Friday, April 6, 2007
Intoxicated by the enthusiasm of its builders, WN predicted last
week that protons would circulate in the Large Hadron Collider on
schedule. Alas, a Fermilab-built quadrupole magnet failed a high-
pressure test with a dramatic bang. That's what tests are for.
To the chagrin of Fermilab, it was a simple design flaw. The
magnet will have to be brought to the surface, but there is
optimism that the 23 other magnets like it can be retrofitted in
place. The LHC may be able to get back on schedule, but the
traditional 3-month winter shutdown may have to be sacrificed.
Still one vote short of a rubber stamp, the Supreme Court on
Monday rebuked the Bush Administration for refusing to regulate
greenhouse gases.

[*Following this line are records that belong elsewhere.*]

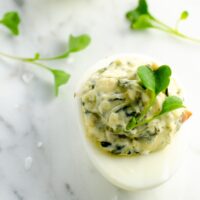 a spinach dip deviled egg and some microgreens on a marble background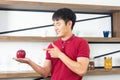 Healthy lifestyle and freshness concept. Smart, young and healthy Asian man eating apple in the loft style kitchen room Royalty Free Stock Photo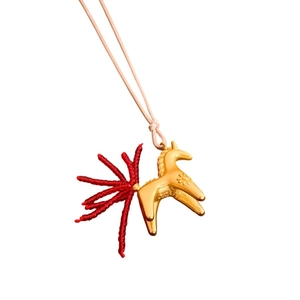 Fashionable golden horse pendant necklace with creative red glass bead tail detail
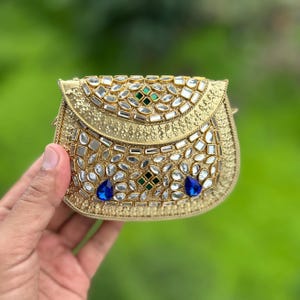 May include: A small, semi-circular gold-toned metal purse featuring an intricate embossed texture. The surface is embellished with numerous clear, reflective glass stones, two dark green square accents, and two prominent blue teardrop stones.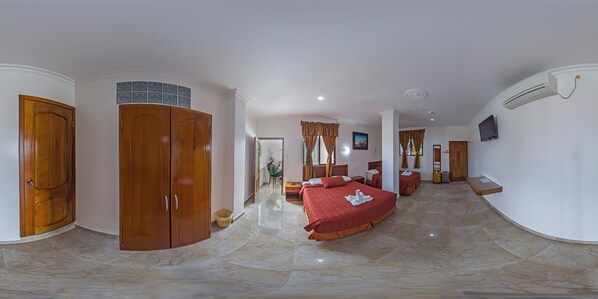 Habitación de hotel con una cama grande, un armario, televisión y un baño visible a través de una puerta abierta.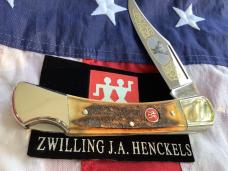 J A Henckels Large  5" Folding Hunter with Super Stag Handles in display. NOS and a beauty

It ruled 5-4 that the EPA must either begin
regulating CO2 as an atmospheric pollutant, or declare that CO2
does not threaten humans, which EPA's own scientists dispute.
The ruling effectively forces EPA to begin regulating tailpipe
emissions, whether it likes it or not. Over the years, federal
courts have sided with the consensus view of science on issues
ranging from perpetual motion to creationism and pseudoscience,
but any more appointments by Bush could change that.
Two months ago, the Intergovernmental Panel on Climate Change put
the odds that global warming is anthropogenic as "90% certain"
(WN 2 Feb 07) . The report
released today is titled Impacts, Adaptation, and Vulnerability.
Science Committee Chairman Bart Gordon (D-TN)says it provides us
with "even higher confidence" of warming. However, Ralph Hall
(R-TX), ranking Republican on the Committee, says the new report
"illustrates more uncertainty in the scientific community."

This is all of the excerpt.